Christoph Ransmayr nahm sich die dichterische Freiheit, auch moderne Utensilien (z.B. Bergbaumaschinen und Mikrofone, Zeitungen und einen Filmprojektor) ganz selbstverständlich und harmonisch in seine traumhafte Wahrnehmungsverwandlungsfantasie zu integrieren. Dieses rundum geglückte Wagnis verleiht dem Roman eine zusätzliche Dimension und beleuchtet das Schemenhafte von Zeit ebenso wie die zwangsläufigen Schattenwürfe aller Materie.
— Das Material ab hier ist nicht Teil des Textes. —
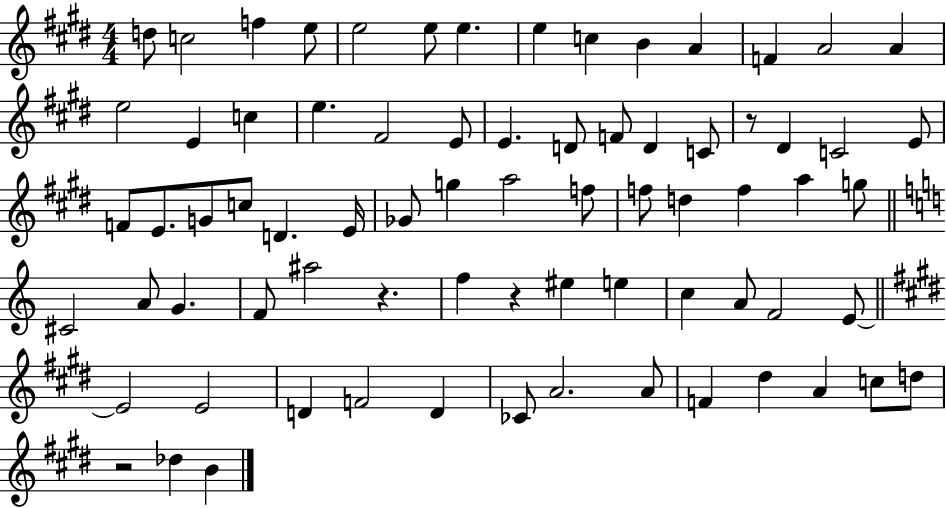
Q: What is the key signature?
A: E major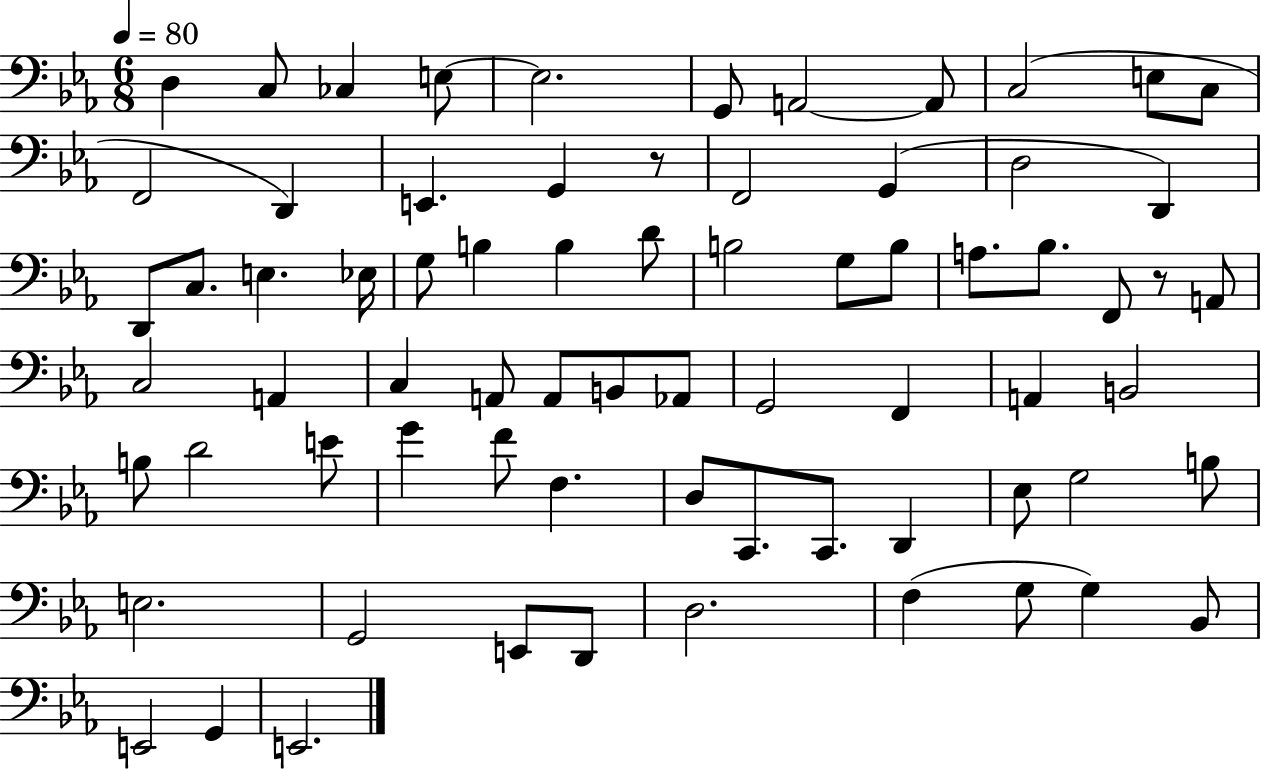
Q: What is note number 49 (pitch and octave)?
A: G4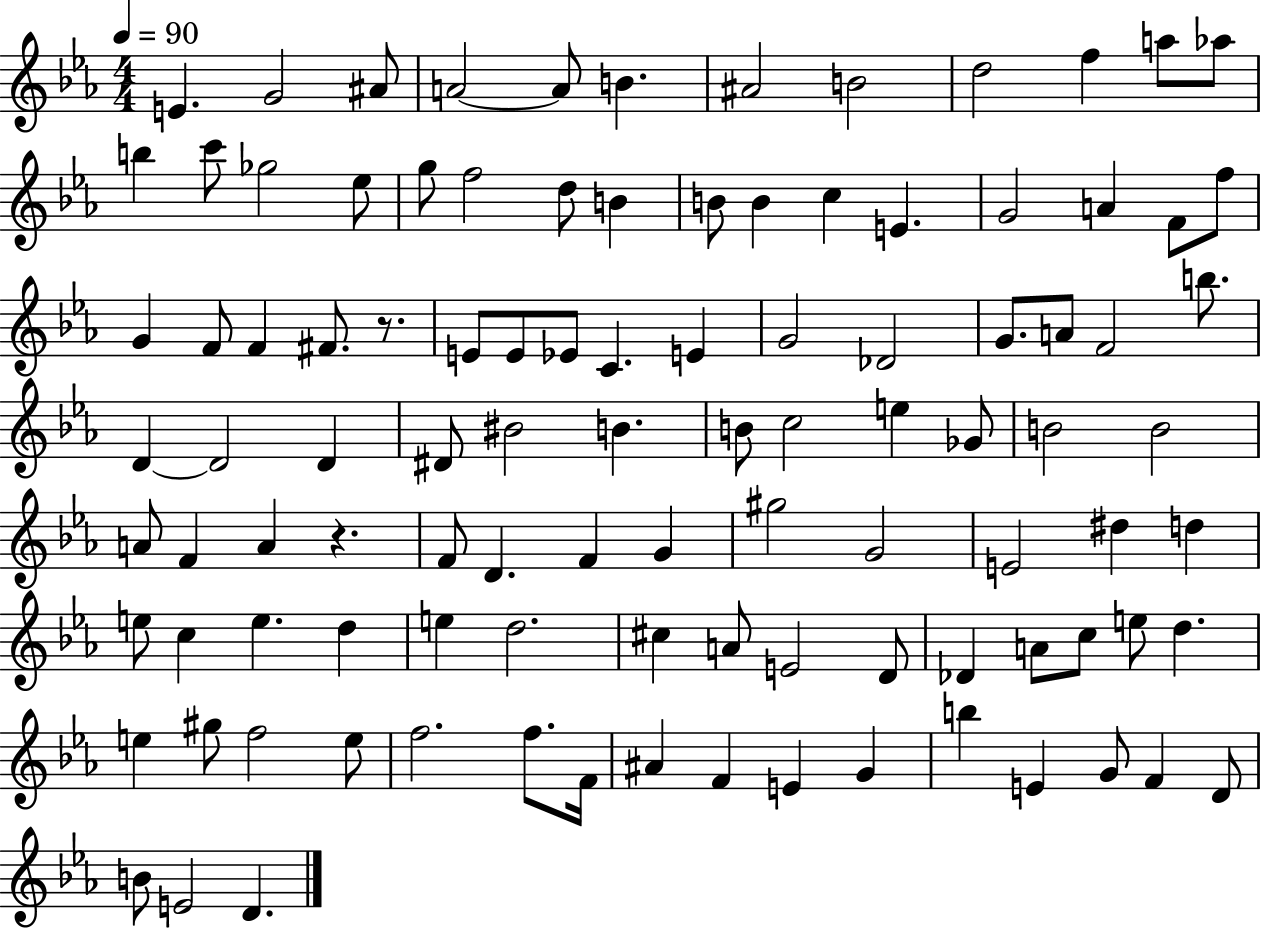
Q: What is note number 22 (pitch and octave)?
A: B4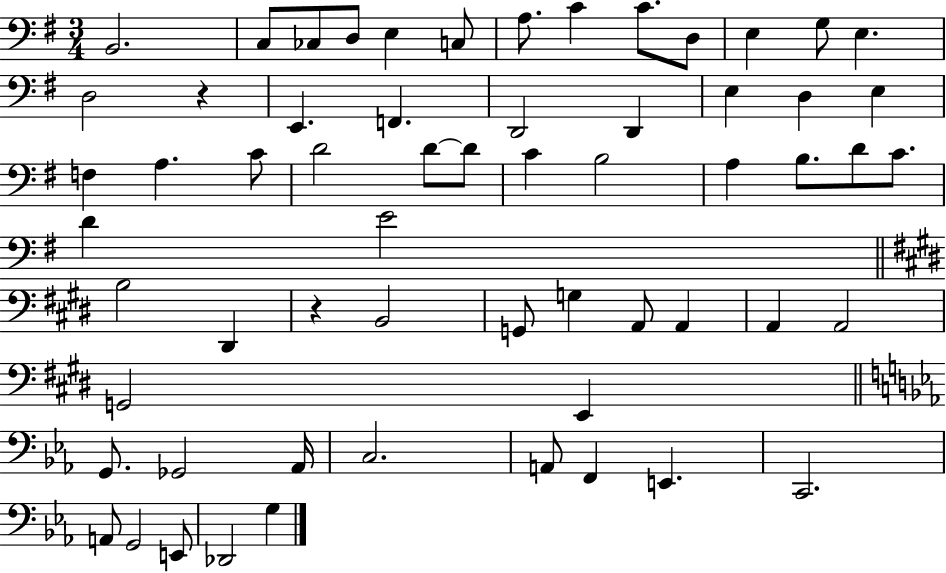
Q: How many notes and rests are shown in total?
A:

"Die letzte Welt" ist ein kunstvolles Spiel mit Lesarten, vernunftzentrierte Begriffe wie Raum und Zeit entpuppen sich bald als völlig unbedeutend, historische Tatsachen werden meisterlich mit fiktionalen Elementen kombiniert. Der faszinierende Roman jongliert gekonnt mit verfremdeten mythologischen Figuren und kann auch ohne Kenntnis der "Metamorphosen" des Ovid mit Genuss und Gewinn gelesen werden. Übrigens ist "Die letzte Welt" in 15 Kapitel gegliedert, Ovids "Metamorphoseon libri" umfassen stolze 15 Bücher.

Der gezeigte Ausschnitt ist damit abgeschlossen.